Comparing the index values of countries we can see if they were above average or below average. Some countries have had better performance on average (shown in blue) and others below average (shown in red). Using facets, year-wise visualization has been done.
Most countries have been consistent in their performance although some have shown improvement over the years in being above average like Mexico, Republic of Korea.
(Clearer labels of years and index values available in Rstudio view than Rmarkdown)
above_avg_GDI=df$Gender_Development_Index>mean(df_wo_na$Gender_Development_Index)
ggplot(data = df, mapping = aes(
x=Country, y=Gender_Development_Index, color=above_avg_GDI)) +
geom_point(size=2)+
facet_grid(~Year,) +
ggtitle("Gender Development of Countries 2000-2013")+
xlab("Country")+ylab("Gender Development Index")+
coord_flip()
Now, plotting how countries have fared for their Gender Inequality Index. Using a scatter plot, it is easier to see how the distribution of the values has been.
Some countries have been consistent with their good performance, like France, Iceland while Afghanistan has consistently fared poor.
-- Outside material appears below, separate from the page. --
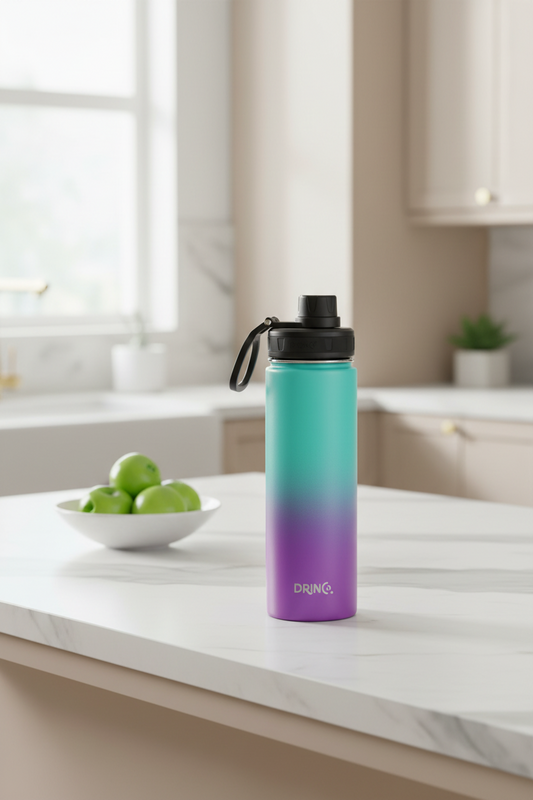 DRINCO® 22 oz. Insulated Stainless Steel Water Bottle — Ombre Fuchsia Teal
Countries like Turkey, Thailand, Mexico have had intermediate values of inequalities over the years.
The graph has been color coded to denote good equality among genders (low Gender Inequality Index) as Green and poor equality among genders (high Gender Inequality Index) as Red
ggplot(data = df, mapping = aes(
x=Country, y=Gender_Inequality_Index )) +
geom_point(stat="identity",aes(col=Gender_Inequality_Index), size=5)+
scale_color_gradient(low="green",
high = "tomato1",
guide="colourbar",
aesthetics = "colour")+
ggtitle("Gender Inequality in Countries 2000-2013")+
xlab("Country")+ylab("Gender Inequality Index")+
coord_flip()
Adding the values of the two indices and grouping by countries, we create a new vector to plot both the indices together.
Plotting both the values together.
df_twin=df %>%
group_by(Country) %>%
summarise(Devlpm_Score = sum(Gender_Development_Index),
Ineqlty_Score=sum(Gender_Inequality_Index)) %>%
arrange(desc(Ineqlty_Score))
Index = c(df_twin$Devlpm_Score,df_twin$Ineqlty_Score)
ggplot(df_twin %>% gather(Devlpm_Score, Ineqlty_Score, -Country),
aes(x = Country,
y = Index ,
fill = Devlpm_Score, Ineqlty_Score)) +
geom_bar(stat = 'identity', position='dodge') + coord_flip() +
ggtitle("Indices of Countries")+
xlab("Country")+ylab("Index")+
scale_fill_brewer(palette = "Paired")
Plotting both aggregate indices over the years there is a clearer trend in Inequality Index than Development Index.
p1=ggplot(df, aes(x=reorder(Country, Gender_Development_Index),
y= Gender_Development_Index))+
geom_bar(stat='identity', size=4)+
ggtitle("Gender Development in Descending order")+
xlab("Country")+ylab("Gender Development Index")+
coord_flip()
p1
p2=ggplot(df_twin, aes(x=reorder(Country, Ineqlty_Score),
y= Ineqlty_Score))+
geom_bar(stat='identity',color="tan", size=8)+
ggtitle("Gender Inequality in Descending order")+
xlab("Country")+ylab("Gender Inequality Index")+
coord_flip()
p2
Thus, concluding that:
1. Most countries have had consistent and comparable gender development over the years.
2. Despite development, gender inequality still exists in many countries.